Pitbulls: Landlord Discounts Rent If You Adopt A Dog

This Woman's Reinvention Is For The Dogs...Literally

Landlord Sandy Zalagens' ad seeking a tenant for one of her 12 units may be one for the dogs. It read: "Rent is $950; $150 a month discount if you adopt Big Louie."

Big Louie is an 80-pound gray brindle Pitbull.

Jessie McElwee stepped up and now is living quite happily with the big guy -- and a cat -- in the Los Angeles apartment. Zalagens, a realtor with Keller Williams in Los Angeles, calls McElwee her "dream tenant" and acknowledges that her ad may have danced around some fair housing laws. Truth is, she isn't sure and nobody is lining up to tell Big Louie that he has to move on.

"Yeah, it probably wasn't legal and I did catch some flack," Zalagens said, "but dog-rescuing is important to me." She rescued her first dog in 1993 and began doing it in earnest seven years ago. She sponsors a rescue dog every time she sells a house and has rallied the support of her real estate office in fund-raising races for rescues.

Dogs feature prominently in the 47-year-old Zalagens' second act. Selling real estate may still pay the bills, but the passion comes in finding homes for displaced dogs. For the past few years, she's focused her efforts on pets made homeless through foreclosures.

One thing that typically happens when a family loses their home is that they become renters. And landlords, by and large, haven't allowed them to move in with pets, Zalagens said. Shelters confirm this and note that the housing crisis has caused their intake to skyrocket. Pet-adverse landlords have left people with the choice of turning their four-legged friends in to shelters or worse, setting their dogs and cat loose in the neighborhood to fend for themselves.
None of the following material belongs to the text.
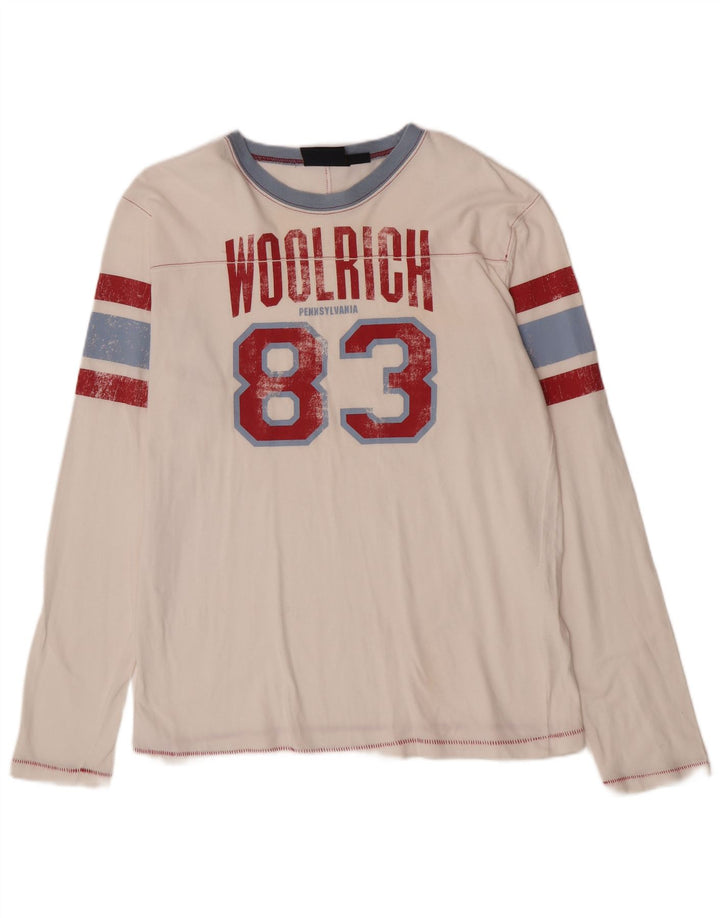 Woolrich Haut graphique à manches longues pour homme en coton blanc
"Landlords who don't permit pets to move in are a huge part of the homeless pet problem," Zalagens said, when asked what led to her unusual rental offer. "I just felt I had to do something to address that." So she put her money where her mouth is and made Big Louie part of the rental deal. And while the offer was couched in terms of a rental discount, the message was clearly "take him or leave it." Zalagens, who says she hopes to rid the rental market of discrimination against pet owners, is working on compiling a list of pet-friendly landlords.

"Dogs are my big why," Zalagens said. She lives in the West Adams area of Los Angeles, a neighborhood of historic homes. Many of her rescues come from her neighborhood, she says.

While she rescues all breeds, she admits to being a soft touch for a pitbull in need. Why? "They are the underdog of today's dog world." She blames the perception of the breed as vicious and untrustworthy on irresponsible owners and backyard breeders. Insurance companies have been known to charge more for homes with pitbulls. Yet many pitbull owners swear by the gentle nature of their pets.

As for Big Louie, his story is pretty typical. He was abandoned by his family and left to roam the neighborhood. Before Zalagens could get to him, he was picked up by animal control. Zalagens located him in a South L.A. shelter and convinced Downtown Dog Rescue -- one of the rescue groups she regularly works with -- to spring him and foster him until she could find him a permanent home.

Big Louie certainly appears to be a happy camper nowadays. Sharing the couch with his co-tenant cat, "He's just a big mush," Zalagens said.

"Big Louie happened to be a pitbull," she said, "but if he had been a little Yorkie, my ad would have said "$150 discount on rent if you adopt this cute Yorkie" and the apartment probably would have rented in a minute instead of two weeks."